Problem to solve ▸ Could you output each line below precisely as it stands, without the images?

Available data ▸
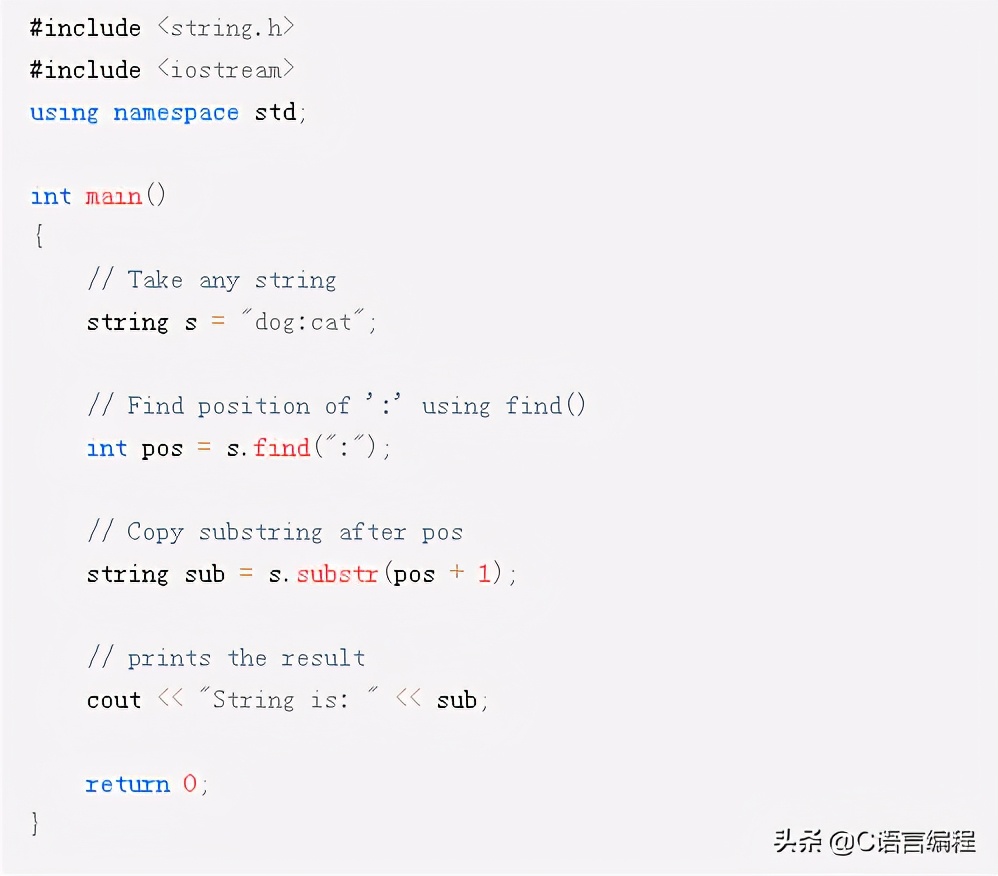 C/C++编程笔记：C++中的substr函数，具体使用方法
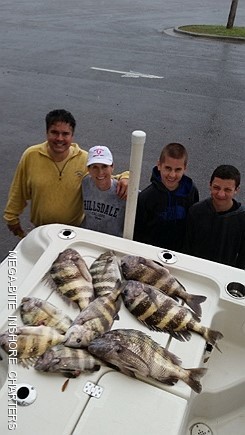 Good day of sheepshead fishing
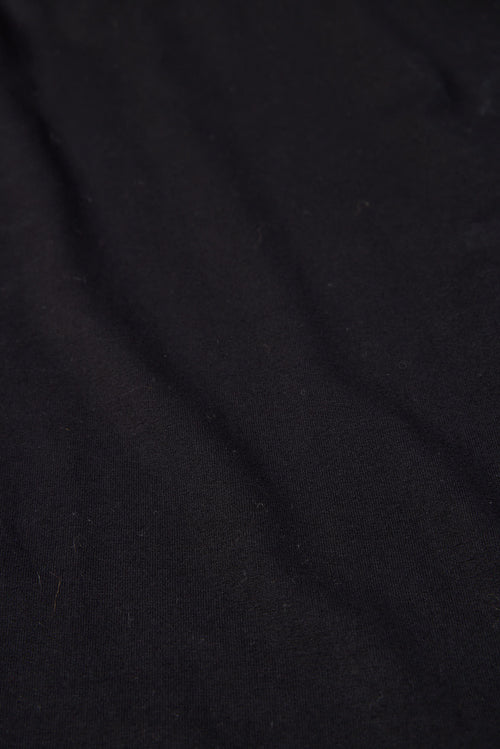 Robe Noir Col Bateau Manches Longues en Viscose et Élasthanne - MAJESTIC FILATURES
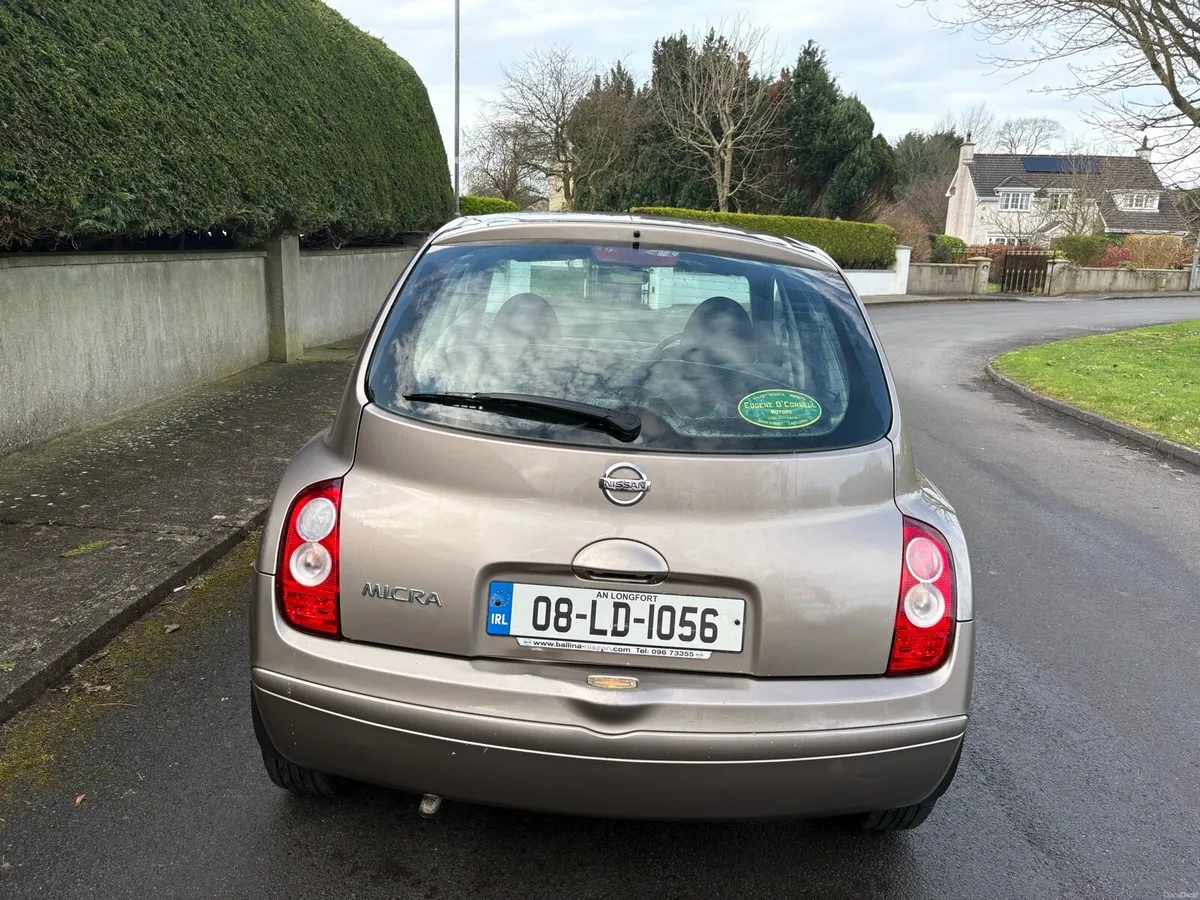 2008 Nissan Micra 1.2 Petrol NCT 07/26 TAX 05/26 - Image 3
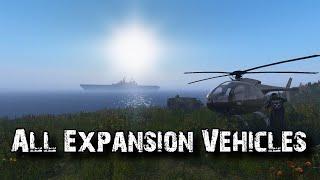 Every Vehicle In DayZ Expansion Mod!!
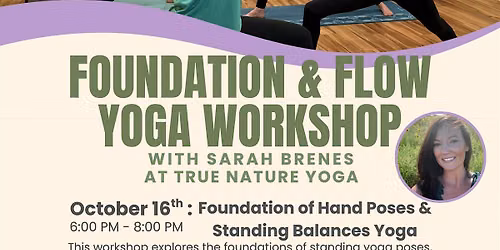Foundation & Flow Yoga Workshop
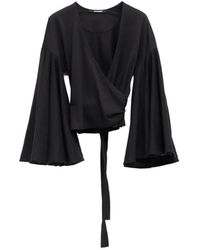 Jacquemus - Overhemden ,Zwart ,Polyester Le Cache Coeur Ventadou Top - Lyst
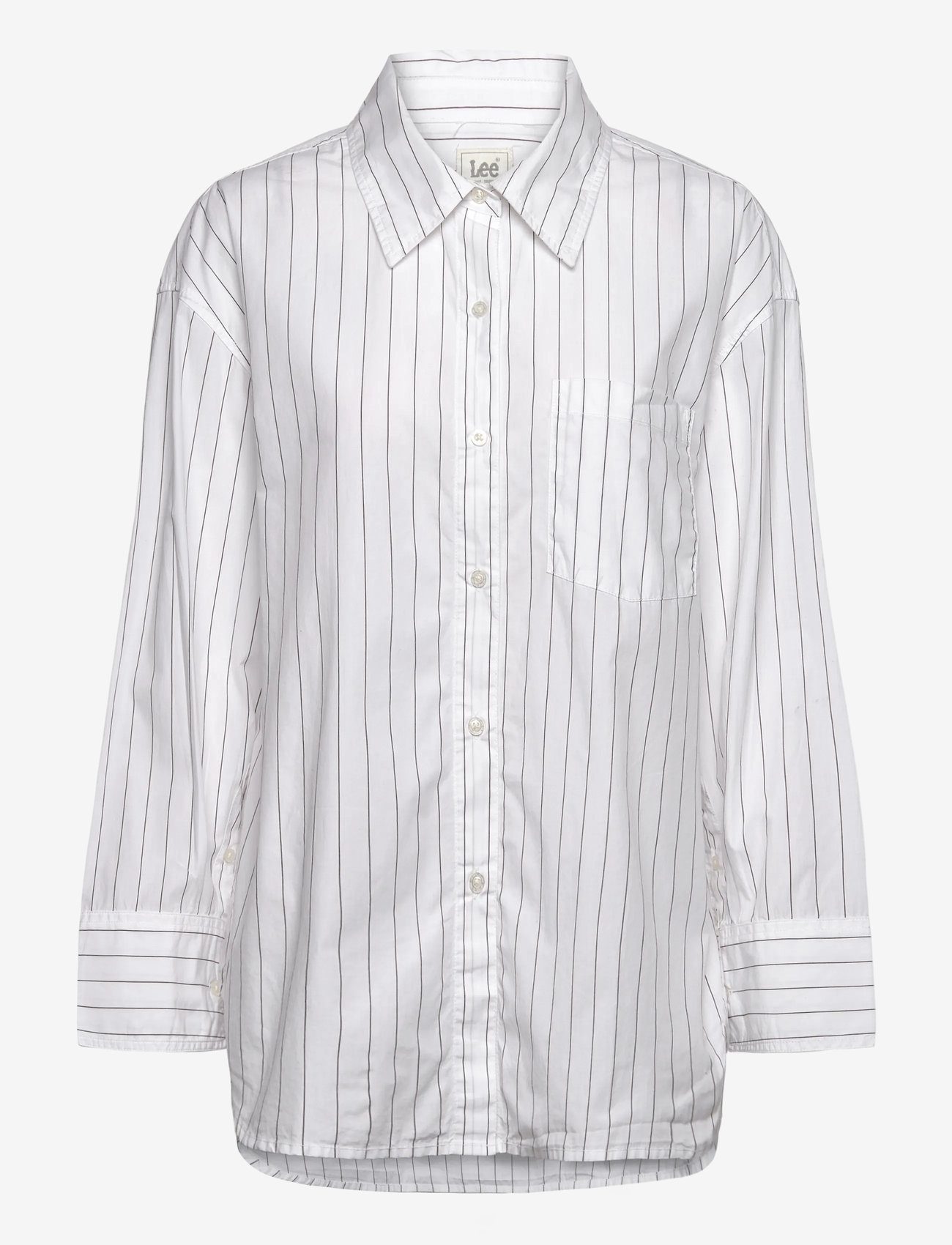 Lee Jeans - LOOSE SHIRT - langärmlige hemden - bistre stripe - 1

Answer section ▸
 C/C++编程笔记：C++中的substr函数，具体使用方法
 Good day of sheepshead fishing
 Robe Noir Col Bateau Manches Longues en Viscose et Élasthanne - MAJESTIC FILATURES
 2008 Nissan Micra 1.2 Petrol NCT 07/26 TAX 05/26 - Image 3
 Every Vehicle In DayZ Expansion Mod!!
Foundation & Flow Yoga Workshop
 Jacquemus - Overhemden ,Zwart ,Polyester Le Cache Coeur Ventadou Top - Lyst
 Lee Jeans - LOOSE SHIRT - langärmlige hemden - bistre stripe - 1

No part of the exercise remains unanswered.